(Data excerpt Opens)
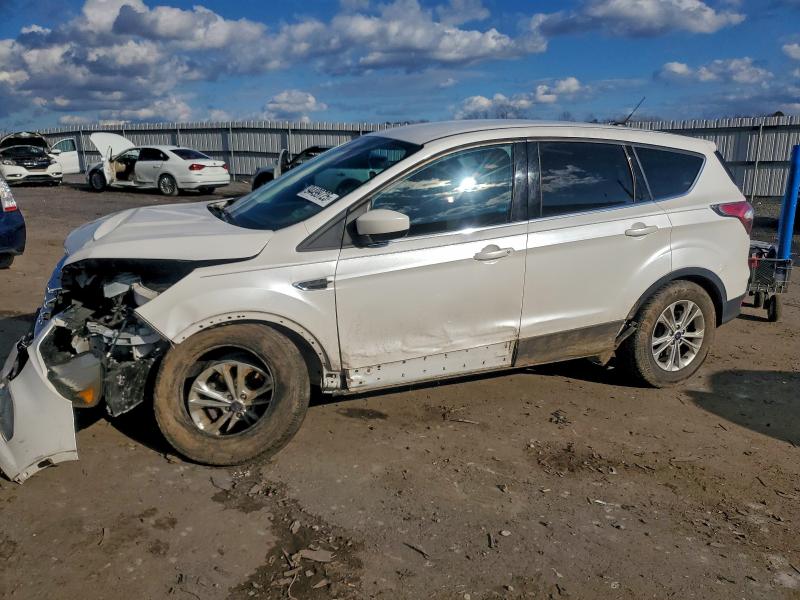 Photo 1 from auction – 2017 FORD ESCAPE SE with VIN 1FMCU9G92HUA76622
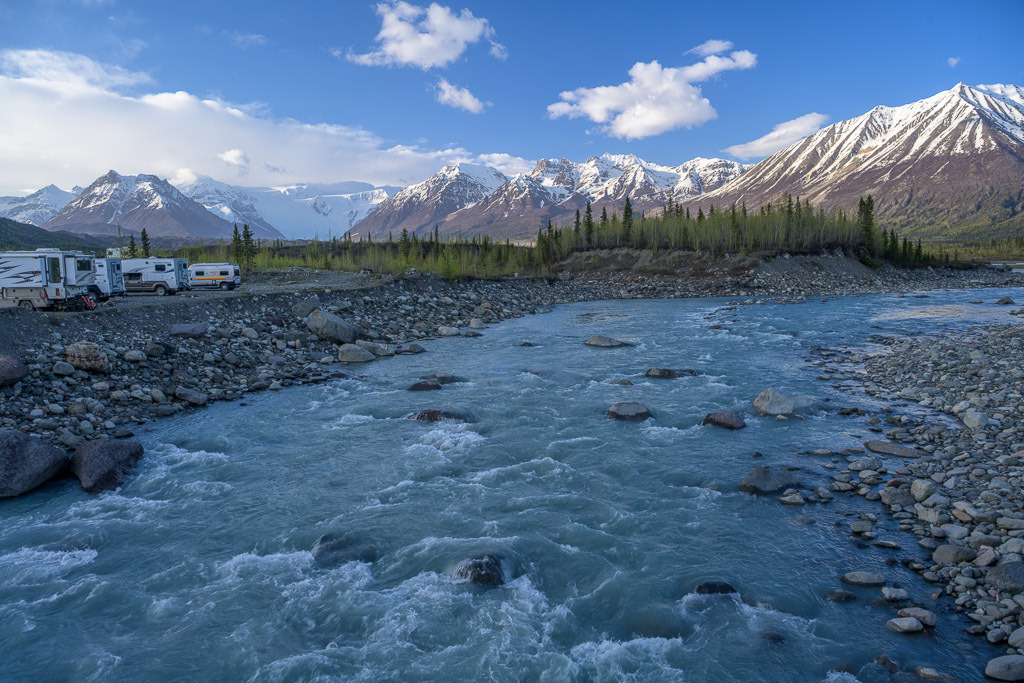 Alaska | McCarthy Campground am Kennicott River. - Realisiert mit Pictrs.com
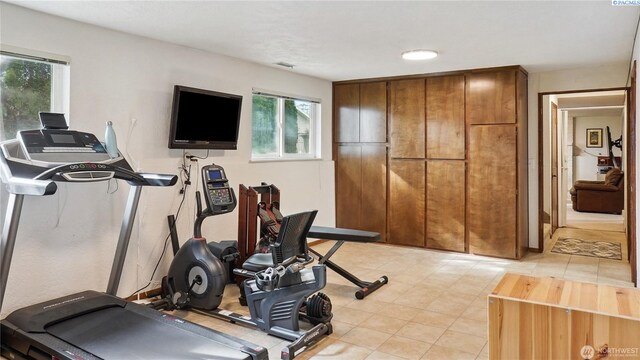 863 S Meadowlark Ln, Othello, WA 99344 - exercise area featuring plenty of natural light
(Data excerpt Closes)
Return the data exactly. Do not carry over any images.

■ **Solution for this exercise**
 Photo 1 from auction – 2017 FORD ESCAPE SE with VIN 1FMCU9G92HUA76622
 Alaska | McCarthy Campground am Kennicott River. - Realisiert mit Pictrs.com
 863 S Meadowlark Ln, Othello, WA 99344 - exercise area featuring plenty of natural light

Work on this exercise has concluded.